» **Your assignment**:
Take the lines below beginning at the line that has "This stunning 1970s" and stopping after the line that has "A modern kitchen", and print them exactly as they are, with no other lines.

» **Supplied data**:
*** Block opens ***
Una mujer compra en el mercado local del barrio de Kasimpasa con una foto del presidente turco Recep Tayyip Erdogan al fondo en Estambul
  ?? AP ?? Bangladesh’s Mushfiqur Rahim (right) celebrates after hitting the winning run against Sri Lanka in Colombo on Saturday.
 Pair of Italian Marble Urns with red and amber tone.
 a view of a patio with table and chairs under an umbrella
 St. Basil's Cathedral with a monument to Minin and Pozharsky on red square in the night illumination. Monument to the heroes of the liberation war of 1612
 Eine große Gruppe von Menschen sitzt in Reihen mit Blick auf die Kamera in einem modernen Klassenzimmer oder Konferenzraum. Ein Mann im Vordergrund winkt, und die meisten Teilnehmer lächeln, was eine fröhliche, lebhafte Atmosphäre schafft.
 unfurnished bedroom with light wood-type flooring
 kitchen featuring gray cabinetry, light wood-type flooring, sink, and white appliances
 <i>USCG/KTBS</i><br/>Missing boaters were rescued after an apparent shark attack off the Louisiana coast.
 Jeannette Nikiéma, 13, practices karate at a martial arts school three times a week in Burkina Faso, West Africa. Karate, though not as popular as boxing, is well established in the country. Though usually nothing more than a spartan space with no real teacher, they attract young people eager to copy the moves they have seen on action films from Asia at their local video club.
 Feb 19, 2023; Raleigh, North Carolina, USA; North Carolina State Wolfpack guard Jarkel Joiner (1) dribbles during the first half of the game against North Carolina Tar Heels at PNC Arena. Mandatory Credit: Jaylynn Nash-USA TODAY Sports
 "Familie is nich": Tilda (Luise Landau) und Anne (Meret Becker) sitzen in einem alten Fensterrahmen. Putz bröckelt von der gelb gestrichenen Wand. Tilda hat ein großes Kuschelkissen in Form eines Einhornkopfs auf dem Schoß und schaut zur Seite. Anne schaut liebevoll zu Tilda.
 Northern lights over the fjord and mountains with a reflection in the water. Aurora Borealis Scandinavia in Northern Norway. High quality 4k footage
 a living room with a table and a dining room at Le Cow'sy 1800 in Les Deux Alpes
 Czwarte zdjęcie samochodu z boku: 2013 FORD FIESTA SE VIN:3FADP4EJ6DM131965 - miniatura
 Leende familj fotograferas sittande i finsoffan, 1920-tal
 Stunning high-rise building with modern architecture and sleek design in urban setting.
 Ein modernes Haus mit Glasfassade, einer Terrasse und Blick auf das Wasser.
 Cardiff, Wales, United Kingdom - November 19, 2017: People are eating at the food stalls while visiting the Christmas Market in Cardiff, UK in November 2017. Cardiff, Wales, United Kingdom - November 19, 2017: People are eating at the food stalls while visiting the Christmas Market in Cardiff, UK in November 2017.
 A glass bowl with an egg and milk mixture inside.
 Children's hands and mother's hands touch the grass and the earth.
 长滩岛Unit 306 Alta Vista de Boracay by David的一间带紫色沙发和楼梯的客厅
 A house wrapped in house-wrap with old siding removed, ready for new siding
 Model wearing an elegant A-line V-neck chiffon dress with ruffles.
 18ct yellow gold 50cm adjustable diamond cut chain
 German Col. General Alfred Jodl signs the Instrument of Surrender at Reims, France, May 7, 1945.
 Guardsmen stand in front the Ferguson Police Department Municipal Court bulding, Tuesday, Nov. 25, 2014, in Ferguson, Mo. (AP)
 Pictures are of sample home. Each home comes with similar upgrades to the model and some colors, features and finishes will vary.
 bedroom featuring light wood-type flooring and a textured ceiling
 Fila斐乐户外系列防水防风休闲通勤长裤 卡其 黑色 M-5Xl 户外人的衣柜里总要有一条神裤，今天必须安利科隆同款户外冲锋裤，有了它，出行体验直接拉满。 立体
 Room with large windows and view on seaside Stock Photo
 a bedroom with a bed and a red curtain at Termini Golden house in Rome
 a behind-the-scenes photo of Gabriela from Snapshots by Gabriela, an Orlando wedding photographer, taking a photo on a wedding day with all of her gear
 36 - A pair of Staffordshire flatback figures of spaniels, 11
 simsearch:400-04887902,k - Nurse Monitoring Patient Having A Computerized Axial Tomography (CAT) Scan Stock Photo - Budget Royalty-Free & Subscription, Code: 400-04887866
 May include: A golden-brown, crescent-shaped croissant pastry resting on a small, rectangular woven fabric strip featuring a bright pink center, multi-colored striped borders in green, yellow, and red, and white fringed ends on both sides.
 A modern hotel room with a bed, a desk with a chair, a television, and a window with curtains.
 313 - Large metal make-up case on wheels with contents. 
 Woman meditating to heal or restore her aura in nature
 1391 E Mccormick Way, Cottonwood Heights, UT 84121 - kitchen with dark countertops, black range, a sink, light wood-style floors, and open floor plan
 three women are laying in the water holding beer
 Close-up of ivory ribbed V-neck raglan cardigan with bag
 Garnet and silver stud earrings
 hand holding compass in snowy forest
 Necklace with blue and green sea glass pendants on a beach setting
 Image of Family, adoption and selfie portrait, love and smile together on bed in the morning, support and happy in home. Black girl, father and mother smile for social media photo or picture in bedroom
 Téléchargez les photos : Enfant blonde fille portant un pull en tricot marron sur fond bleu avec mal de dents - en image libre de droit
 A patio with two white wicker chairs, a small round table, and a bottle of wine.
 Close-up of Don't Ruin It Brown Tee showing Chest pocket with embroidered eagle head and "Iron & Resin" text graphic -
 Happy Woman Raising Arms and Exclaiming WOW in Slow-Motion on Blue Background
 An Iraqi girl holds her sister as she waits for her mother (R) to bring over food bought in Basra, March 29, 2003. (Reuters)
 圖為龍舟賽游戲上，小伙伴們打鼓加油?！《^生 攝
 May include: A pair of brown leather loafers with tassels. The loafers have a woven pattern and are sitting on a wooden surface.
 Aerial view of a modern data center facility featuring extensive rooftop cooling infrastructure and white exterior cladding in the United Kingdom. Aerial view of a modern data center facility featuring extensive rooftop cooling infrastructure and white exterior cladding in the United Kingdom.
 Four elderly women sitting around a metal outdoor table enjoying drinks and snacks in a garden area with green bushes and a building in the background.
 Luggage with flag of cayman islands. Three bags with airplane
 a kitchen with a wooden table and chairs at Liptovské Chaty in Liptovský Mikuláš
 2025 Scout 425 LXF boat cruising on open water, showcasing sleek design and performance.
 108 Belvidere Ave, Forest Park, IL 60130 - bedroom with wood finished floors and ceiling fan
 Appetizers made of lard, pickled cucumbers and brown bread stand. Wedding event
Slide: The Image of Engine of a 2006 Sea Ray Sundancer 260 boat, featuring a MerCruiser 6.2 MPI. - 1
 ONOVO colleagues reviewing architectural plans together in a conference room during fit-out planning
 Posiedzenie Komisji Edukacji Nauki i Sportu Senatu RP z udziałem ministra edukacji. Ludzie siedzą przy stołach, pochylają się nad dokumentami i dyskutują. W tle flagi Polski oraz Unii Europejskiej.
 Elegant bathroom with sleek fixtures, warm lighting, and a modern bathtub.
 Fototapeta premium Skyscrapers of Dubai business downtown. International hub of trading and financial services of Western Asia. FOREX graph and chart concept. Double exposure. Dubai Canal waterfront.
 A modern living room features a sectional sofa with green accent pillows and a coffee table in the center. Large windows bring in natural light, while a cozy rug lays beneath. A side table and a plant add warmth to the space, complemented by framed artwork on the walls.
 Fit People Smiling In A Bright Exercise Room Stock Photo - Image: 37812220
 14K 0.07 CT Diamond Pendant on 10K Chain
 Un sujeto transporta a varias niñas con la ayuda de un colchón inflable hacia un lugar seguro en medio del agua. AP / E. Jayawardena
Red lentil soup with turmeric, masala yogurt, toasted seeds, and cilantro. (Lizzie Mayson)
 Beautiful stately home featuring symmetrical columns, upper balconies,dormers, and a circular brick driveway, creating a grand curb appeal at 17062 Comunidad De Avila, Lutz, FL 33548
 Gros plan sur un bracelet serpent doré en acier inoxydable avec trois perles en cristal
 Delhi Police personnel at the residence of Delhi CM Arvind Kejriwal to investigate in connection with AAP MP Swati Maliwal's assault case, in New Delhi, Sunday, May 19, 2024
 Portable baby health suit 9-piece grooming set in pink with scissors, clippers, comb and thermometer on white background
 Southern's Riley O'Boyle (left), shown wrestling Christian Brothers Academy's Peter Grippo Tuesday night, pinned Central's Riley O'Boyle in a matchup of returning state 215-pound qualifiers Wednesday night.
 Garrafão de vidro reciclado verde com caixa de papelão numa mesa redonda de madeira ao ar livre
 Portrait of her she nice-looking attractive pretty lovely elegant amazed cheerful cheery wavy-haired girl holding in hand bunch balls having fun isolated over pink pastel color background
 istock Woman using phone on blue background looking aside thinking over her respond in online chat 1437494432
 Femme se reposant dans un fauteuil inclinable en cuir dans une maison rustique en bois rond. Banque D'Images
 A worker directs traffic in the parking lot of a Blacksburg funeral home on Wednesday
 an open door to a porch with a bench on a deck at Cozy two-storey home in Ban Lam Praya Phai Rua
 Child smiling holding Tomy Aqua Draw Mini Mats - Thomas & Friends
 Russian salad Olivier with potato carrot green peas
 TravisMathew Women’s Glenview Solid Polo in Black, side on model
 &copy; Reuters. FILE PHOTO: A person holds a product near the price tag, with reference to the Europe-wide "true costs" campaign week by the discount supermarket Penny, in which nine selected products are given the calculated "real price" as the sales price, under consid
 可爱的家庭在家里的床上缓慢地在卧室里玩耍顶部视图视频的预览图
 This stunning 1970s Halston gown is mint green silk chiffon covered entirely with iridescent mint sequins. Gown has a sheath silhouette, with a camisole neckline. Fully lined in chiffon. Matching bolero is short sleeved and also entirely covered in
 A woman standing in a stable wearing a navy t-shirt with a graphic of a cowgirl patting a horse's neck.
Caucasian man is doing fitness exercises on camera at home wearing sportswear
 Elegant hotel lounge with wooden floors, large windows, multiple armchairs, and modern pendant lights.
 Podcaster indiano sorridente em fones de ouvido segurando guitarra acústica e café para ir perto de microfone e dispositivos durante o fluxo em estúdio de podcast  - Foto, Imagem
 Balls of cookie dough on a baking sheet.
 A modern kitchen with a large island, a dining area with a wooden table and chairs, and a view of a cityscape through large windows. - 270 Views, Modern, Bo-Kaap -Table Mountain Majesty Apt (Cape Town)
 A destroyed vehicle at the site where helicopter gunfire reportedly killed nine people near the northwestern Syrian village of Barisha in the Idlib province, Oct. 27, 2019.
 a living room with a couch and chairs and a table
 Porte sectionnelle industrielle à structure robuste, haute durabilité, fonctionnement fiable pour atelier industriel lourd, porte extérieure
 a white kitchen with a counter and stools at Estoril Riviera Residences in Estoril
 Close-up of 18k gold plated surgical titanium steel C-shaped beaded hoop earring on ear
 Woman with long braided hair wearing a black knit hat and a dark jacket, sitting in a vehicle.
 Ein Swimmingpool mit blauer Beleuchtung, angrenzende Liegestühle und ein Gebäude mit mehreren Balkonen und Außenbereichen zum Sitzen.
*** Block closes ***
» **Answer section**:
 This stunning 1970s Halston gown is mint green silk chiffon covered entirely with iridescent mint sequins. Gown has a sheath silhouette, with a camisole neckline. Fully lined in chiffon. Matching bolero is short sleeved and also entirely covered in
 A woman standing in a stable wearing a navy t-shirt with a graphic of a cowgirl patting a horse's neck.
Caucasian man is doing fitness exercises on camera at home wearing sportswear
 Elegant hotel lounge with wooden floors, large windows, multiple armchairs, and modern pendant lights.
 Podcaster indiano sorridente em fones de ouvido segurando guitarra acústica e café para ir perto de microfone e dispositivos durante o fluxo em estúdio de podcast  - Foto, Imagem
 Balls of cookie dough on a baking sheet.
 A modern kitchen with a large island, a dining area with a wooden table and chairs, and a view of a cityscape through large windows. - 270 Views, Modern, Bo-Kaap -Table Mountain Majesty Apt (Cape Town)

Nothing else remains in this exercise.